9 April 2016

Sunday, March 20, 2016 at 6:33am

Yesterday I stumbled across Joppa, founded in 1872 by slaves freed in Dallas by the emancipation proclamation. It is one of the last remaining freedman’s towns still in existence. The settlement is wedged between the trinity river, a freeway and an unforgiving rail line, difficult to access and uninviting to the outside. “Inside” is a town where the southern blackness of freed slaves has been allowed to mind its own damn business for almost 150 years, free from the ever encroaching march of “Dallas Progress” that tears down and erases history in favor of erecting facades of southern music, art, flavors, and religion while pushing the authentic voices off the land and into oblivion, AKA “further south”.

I drove through not even really understanding what the place was at the time, I was a wayward queer white girl lost in south Dallas, but I understood enough to know that I should at the very least carry love and respect in my heart as I searched for the road out. I found one of the three unmarked roads out under an imposing freeway, and looking in my rearview mirror as I passed under the overpass, I saw churches and shotgun houses and horses and muddy banks and chickens, a town bordered by train tracks, bayou and freeways, shaded by rust, textured by peeling paint and tinted by minty marshland grasses.

I bid farewell and pulled out onto the freeway.

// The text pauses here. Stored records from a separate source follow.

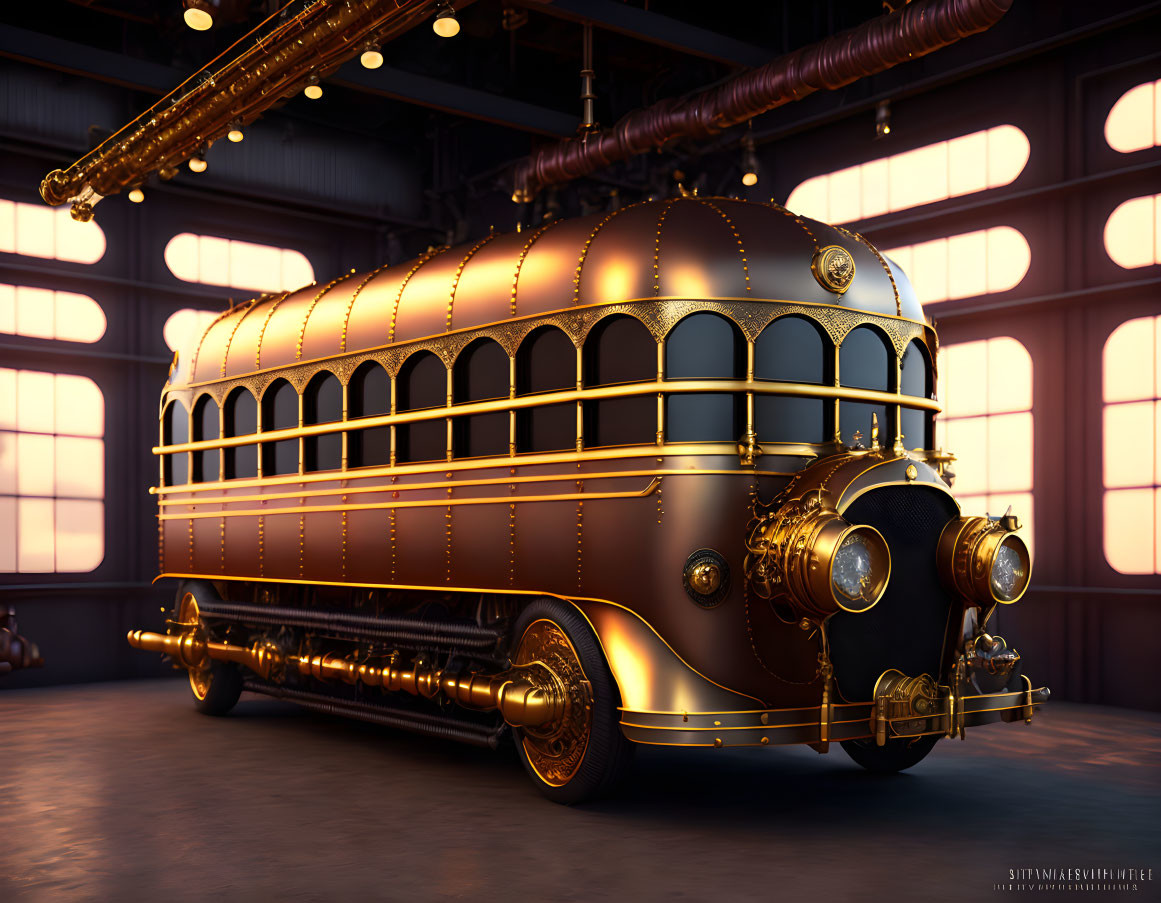 Intricately Designed Steampunk-Style Bus in Industrial Room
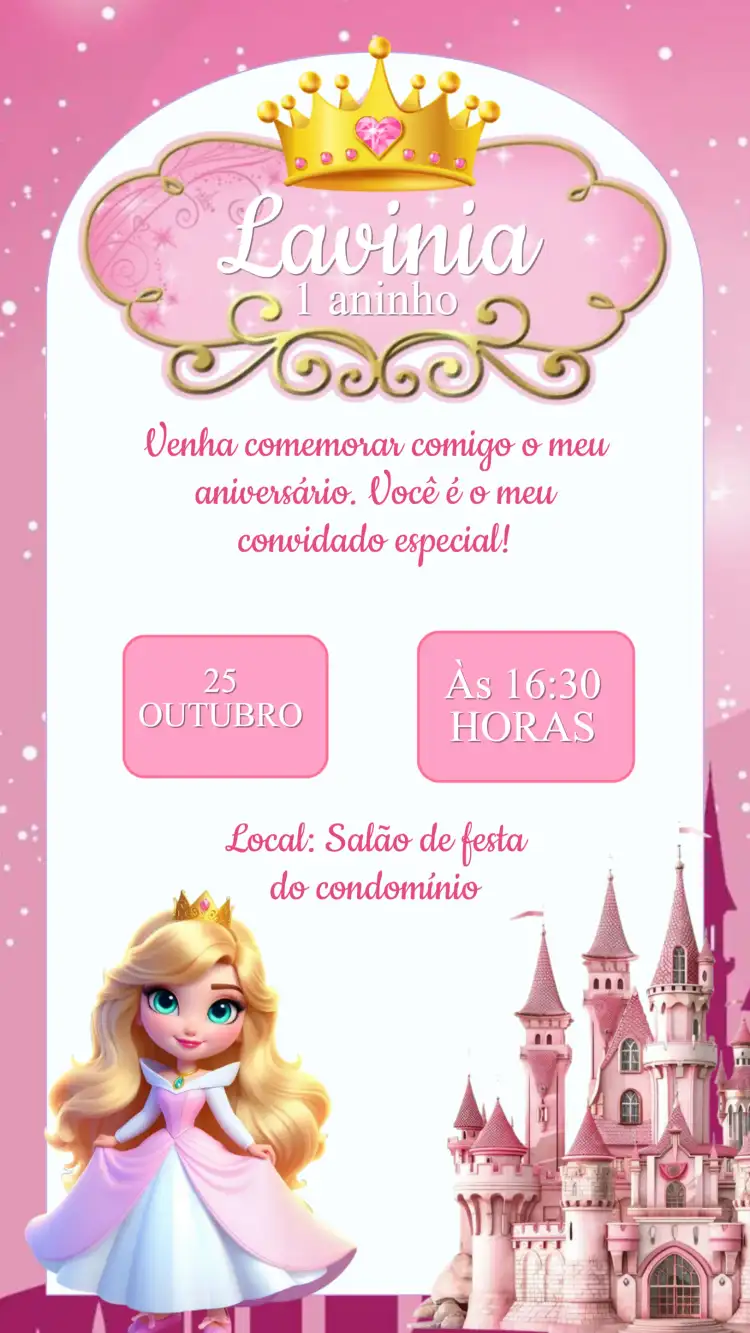 Convite Aniversário A Bela Adormecida Baby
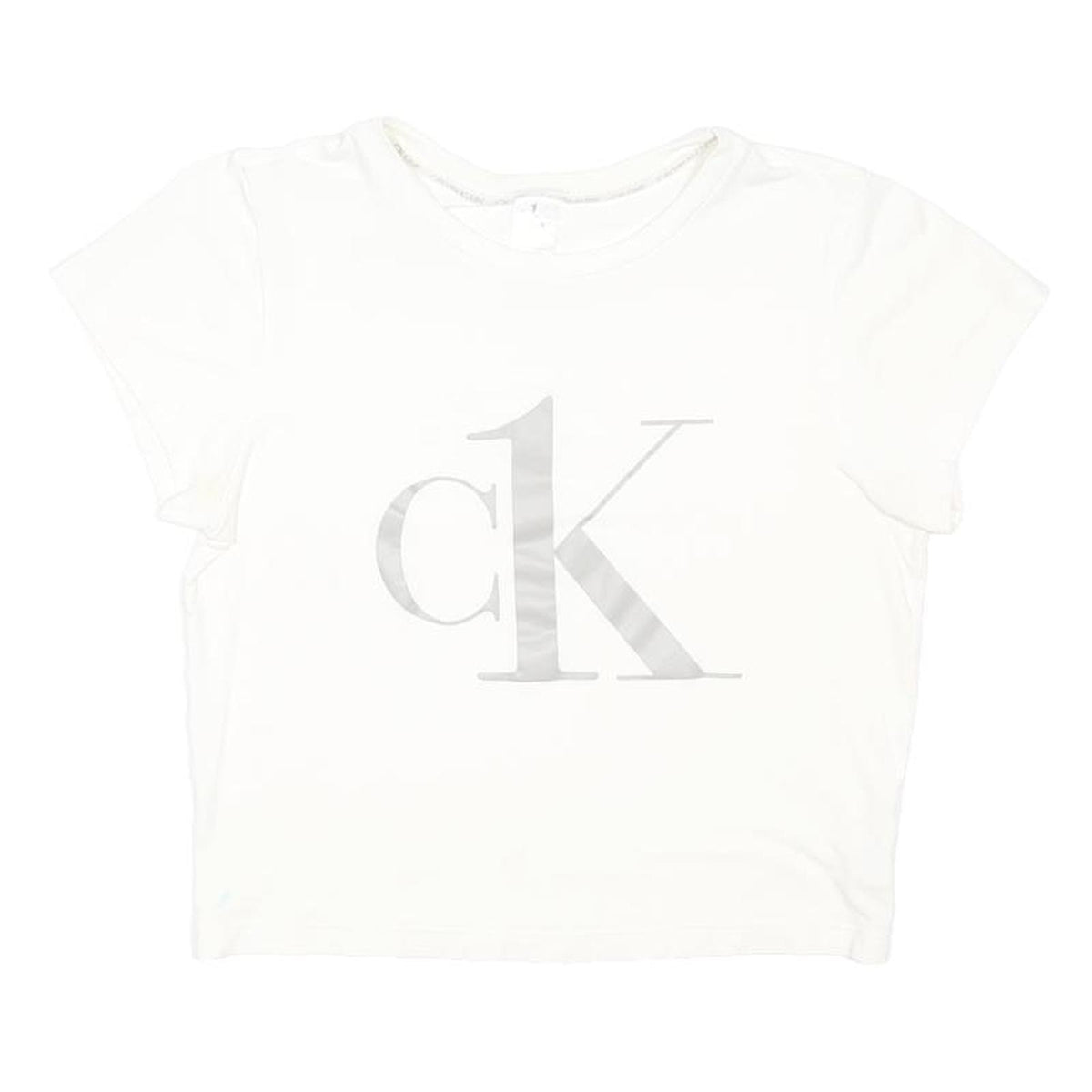 CK ONE Womens White Graphic T-Shirt XS Short Sleeve Crew Neck Casual Top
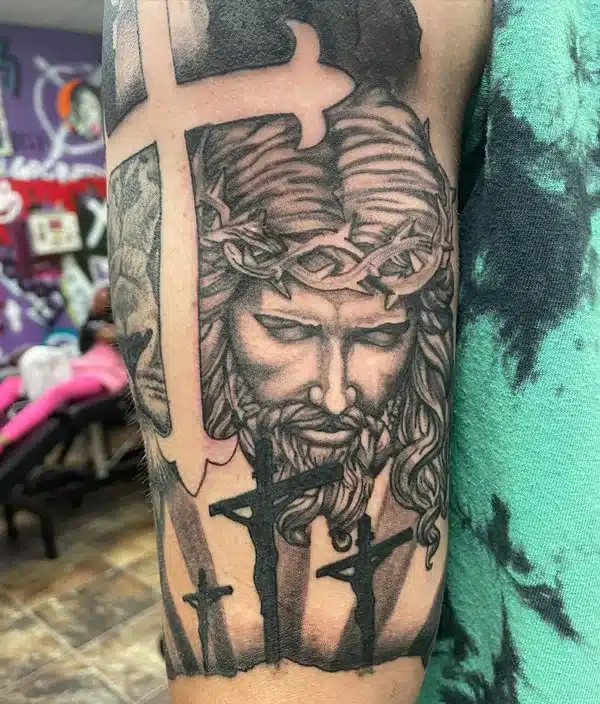 3 cross tattoo Above knee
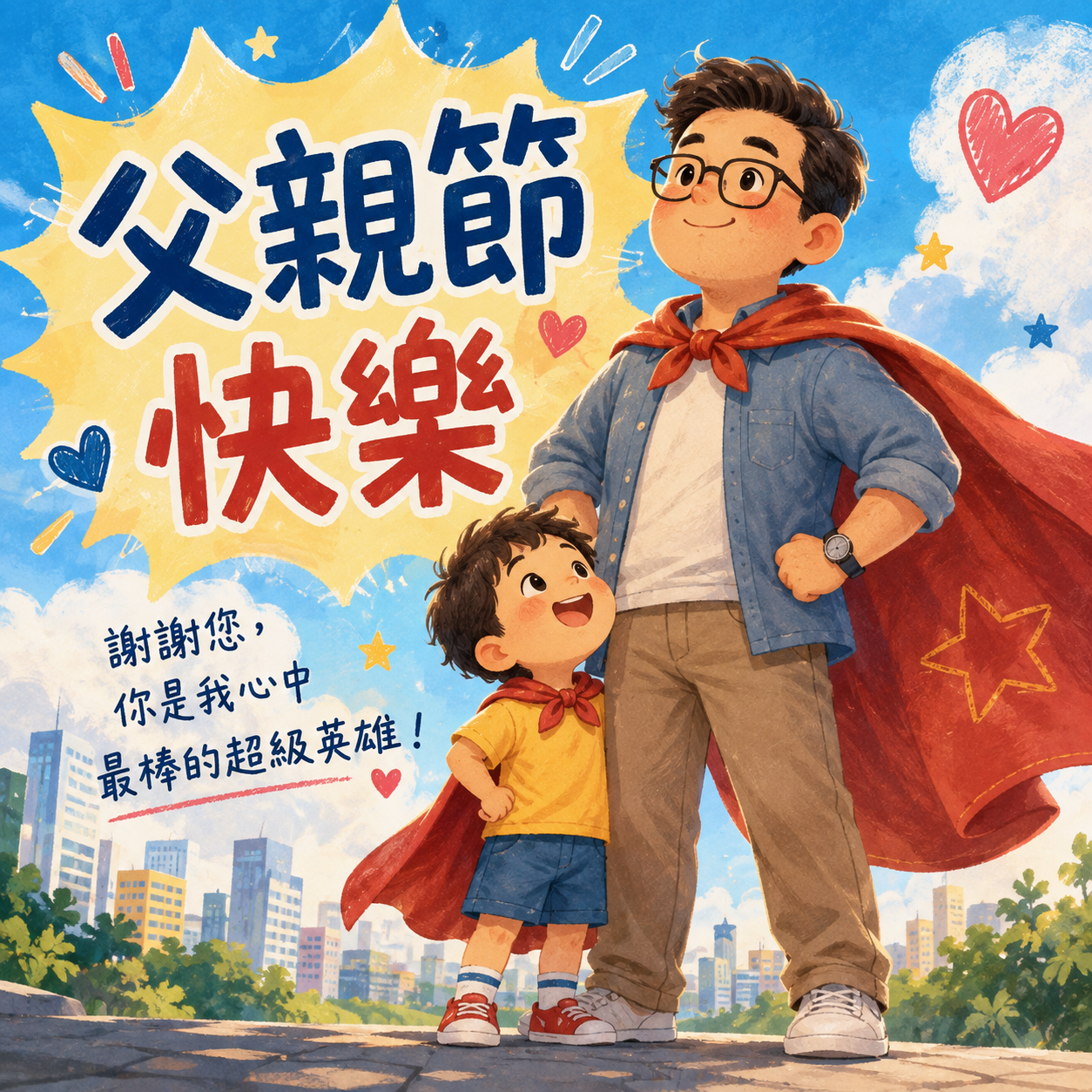 （AI 生成父親節快樂圖）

Milo looked at me and asked me what the place was and I decided it was time to explain to him what whiteness and blackness are, how our histories violently came together and violently diverged, how that violence cleaved south Dallas from north Dallas and how government policies create multi- generational classes that are divided by race, with white landowners still the winners and freed black women and men still working to raise their children against this tide, and how the land we were driving through is land that the people in this area have worked hard to keep, and if anything, that ought to be respected and not something white people think we can just own, that no, this is black culture in this place, that yes we are all one race under the colors of our skin, but how we live and who we are is not something that can be bought and sold on a commercial market defined by the white man’s rule, that how we all live should be held in our hearts as good and true and sometimes we should just know when to leave well enough alone without our ideas of what a place could be or should be, and instead just let a place be.

And by that point we were in Pleasant Grove, on a bearing towards Casa View where I was raised. I realized as we approached the intersection at Gus Thomason and Ferguson roads that I am, at my core, a southern reformation Protestant girl, that I can’t ever deny that no matter how worldly an air I may try to put on to cover that up; that my business ain’t in Joppa and their business has the right to remain their own business if that’s how they prefer it, that blackness is their blackness and is not here to serve me knowing my whiteness, but I already let it and in that moment of momentary regret, because I had stolen from the black people as a way of understanding more completely my whiteness, said a prayer for that place I had seen and asked the God I was raised with to forgive me for stealing their voice to know my own and to help me love better the city that gave me who I am while I waited for the arrow to give me a sign.